A rilanciare tali faccende, e le loro conseguenti palpitazioni, arriva finalmente in traduzione italiana un volumone che raccoglie i due seminari sul linguaggio dell’amore che Barthes tenne a Parigi dal ‘74 al ‘76, dal quale è possibile cogliere la genesi dei Frammenti: con le indecisioni, i ritorni e gli abbandoni, la condivisione e le ritrosie che caratterizzano il lavoro dell’autore di opere celebri come Miti d’oggi o L’impero dei segni. L’interesse del volume, Il discorso amoroso (introduzione, traduzione e cura di Augusto Ponzio) deriva anche dal fatto che contiene molte pagine inedite, che erano presenti nel manoscritto dei Frammenti e che Barthes decise di eliminare nella versione a stampa. Si tratta di venti nuove figure del discorso amoroso (Il confidente, Doppiezze, Verso l’infanzia, Nella disperazione, L’iniziazione, L’amore reciproco…), più una lunga postfazione che illustra il metodo di questa curiosa collazione, le fasi del lavoro, la struttura del volume, nonché le ragioni di un corpus eteroclito che, sotto la guida del Werther goethiano e dell’onnipresente Nietzsche, raccoglie testi filosofico-letterari ed esegesi psicanalitiche, ma anche aneddoti Zen, ricordi personali, confidenze amicali.
Due sembrano essere i temi su cui Barthes più insiste in queste nuove pagine.
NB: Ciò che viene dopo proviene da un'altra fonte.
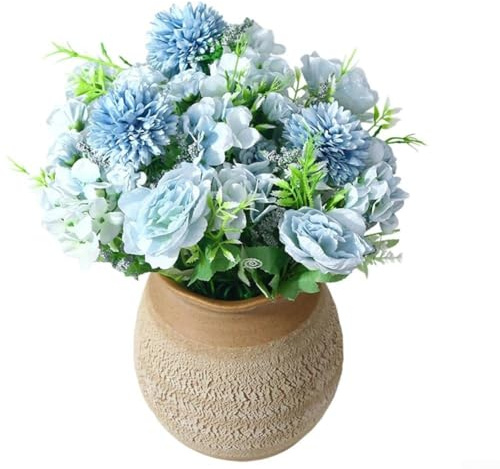Zeroupshop Arreglo floral artificial de seda de hortensias de peonía azul claro, paquete de 4 unidades, decoración del hogar, resistente a los rayos UV, 7 cabezas de ramo floral (azul)
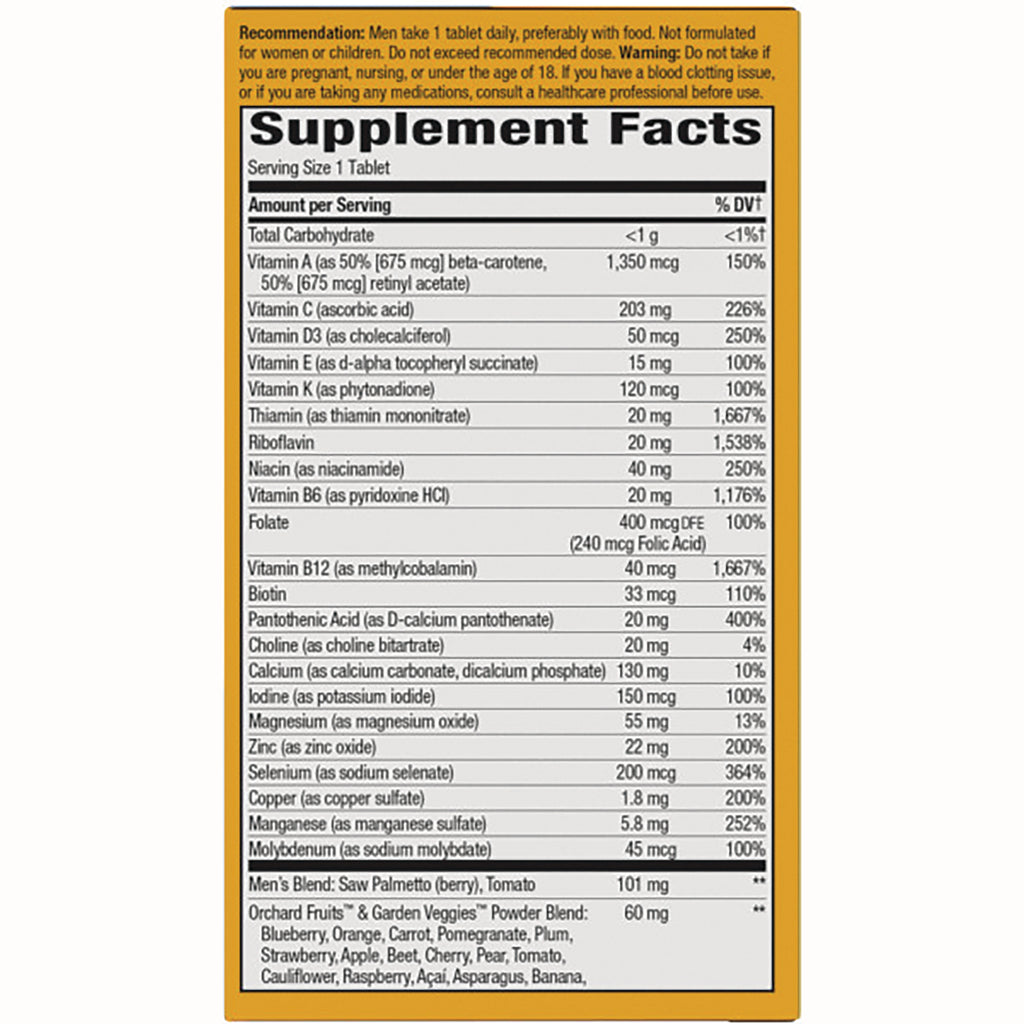 NW710 | Supplement Facts label showing vitamins, minerals, serving size, and amounts per tablet - Thumbnail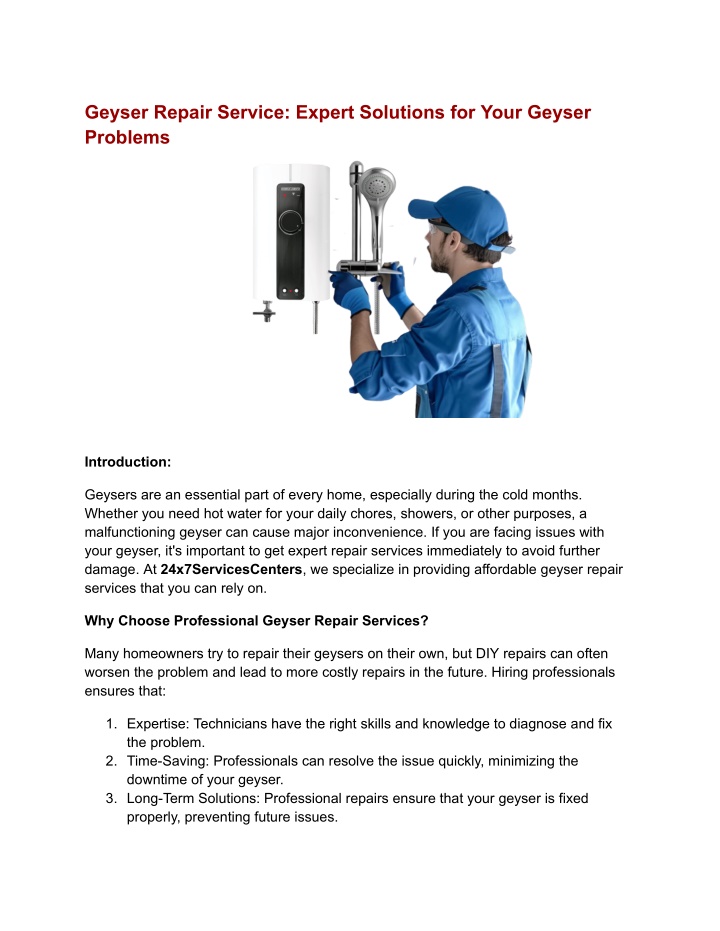 geyser repair service expert solutions for your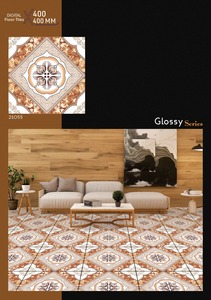 Carreaux de sol au design optimal, taille 400x400mm, série brillante, épaisseur 8mm, modèle 21055, carreaux en céramique - Product Image 2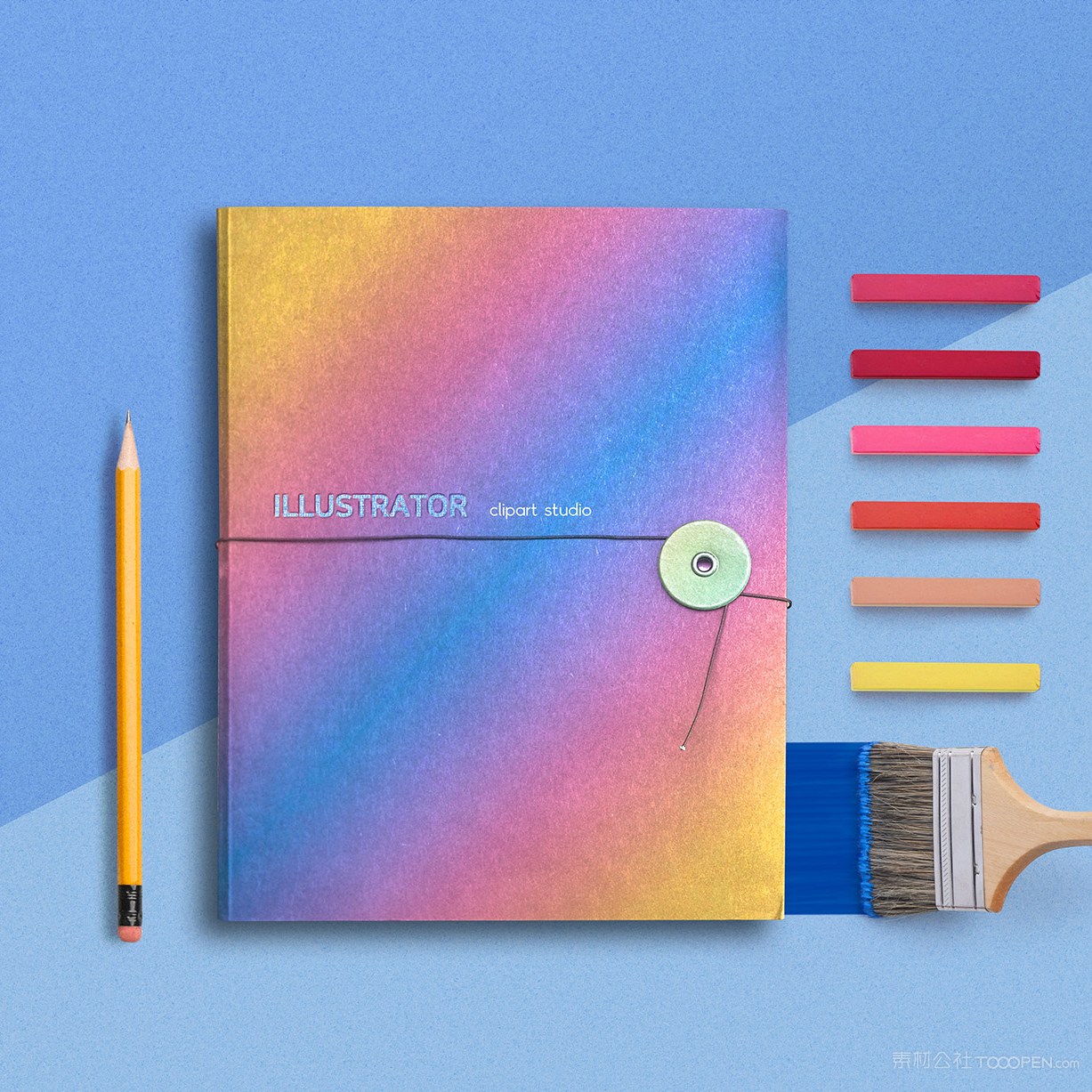 彩虹色精装工作记事本样机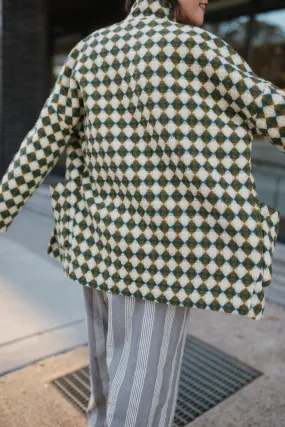 Portuguese Wool Pieper in Sage and Mustard Check
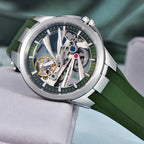 Pagani Design PD-YS030 skeleton automatic watch in silver green, lifestyle side profile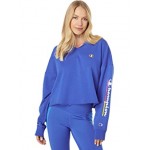 Campus French Terry Split Neck Hoodie Deep Dazzling Blue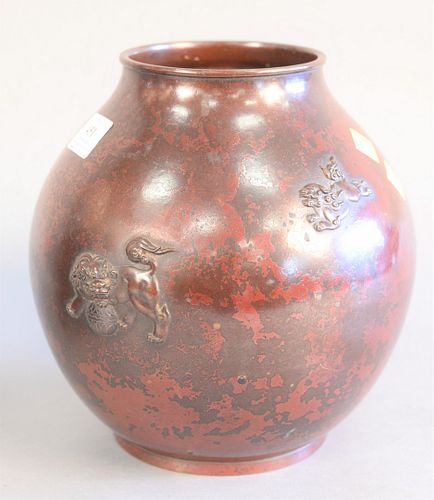 Japanese patinated-bronze vase, Meiji Period, late 19th C. on hardwood stand, ht. 9". Estate of Marilyn Ware, Strasburg, PA.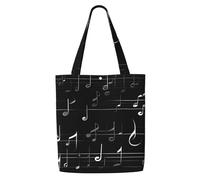 wdarff Black Music Notes Print Large Capacity Canvas Shoulder Bag Travel Everyday Shopping Weekend Getaways Tote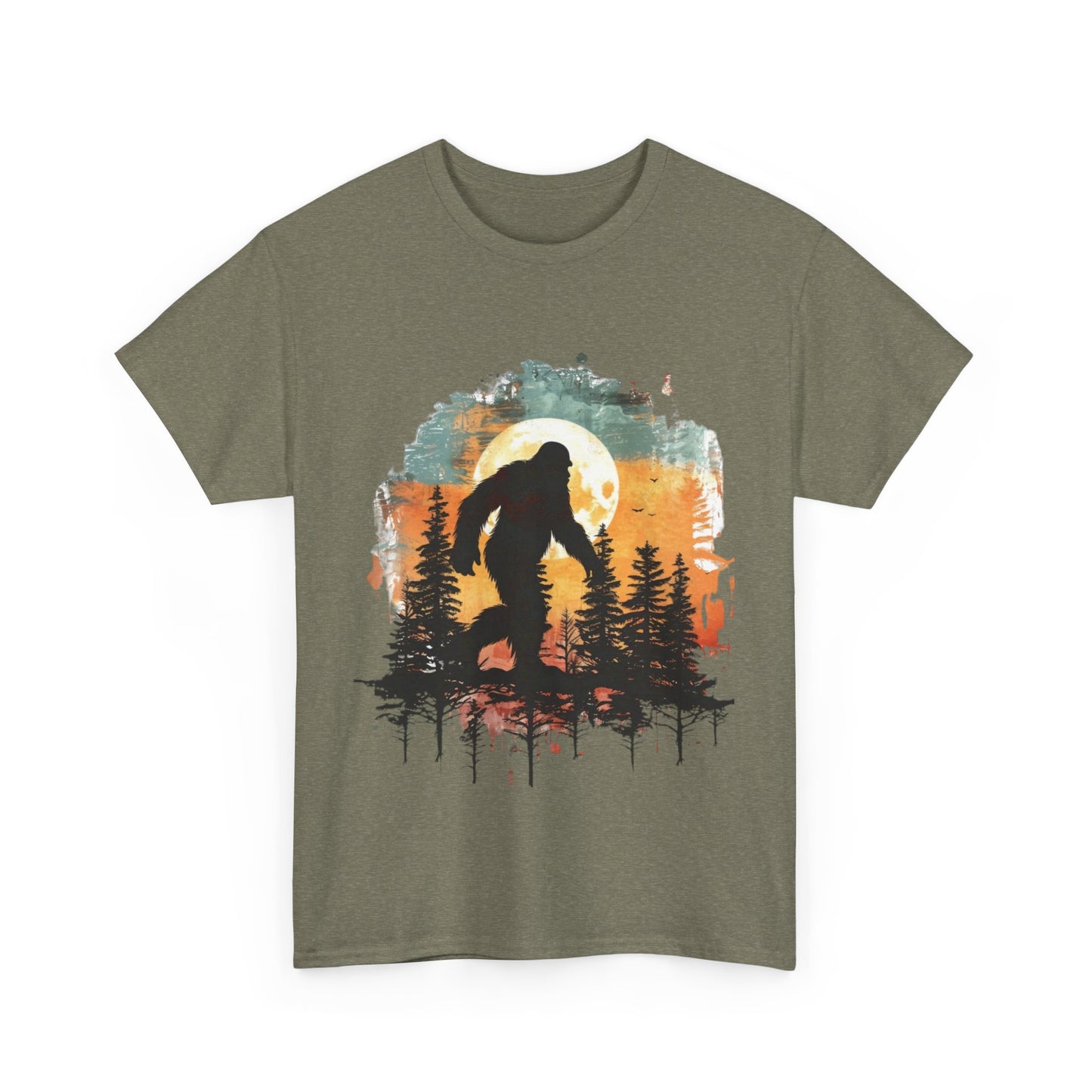 Unisex Heavy Cotton Tee - Bigfoot Adventure Graphic Tee, Perfect for Nature Lovers & Outdoor Enthusiasts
Il primo è quello del ruolo primario del Libro d’Amore nella costituzione del sentimento amoroso: se i migliori trattati sull’amore sono romanzi, dice Barthes, è forse perché leggere storie d’amore e viverle nei fatti sono la stessa cosa. Come ben mostra l’esperienza del «libro galeotto» che unisce Paolo a Francesca, invano imitata da Werther, il quale prova a leggere i versi di Ossian a Carlotta sperando in un esito analogo a quello dei personaggi danteschi. Il secondo tema è quello della melodrammaticità, del gioco infinito dei ruoli sociali e del loro ribaltamento cui è continuamente sottoposto l’innamorato: il disperato, il piangente, l’iniziato, il puer senilis sono altrettante cariche che il soggetto amoroso è costretto a interpretare, ma che in qualche modo lo costituiscono come essere al tempo stesso sociale e intimo, logorroico e spasimante.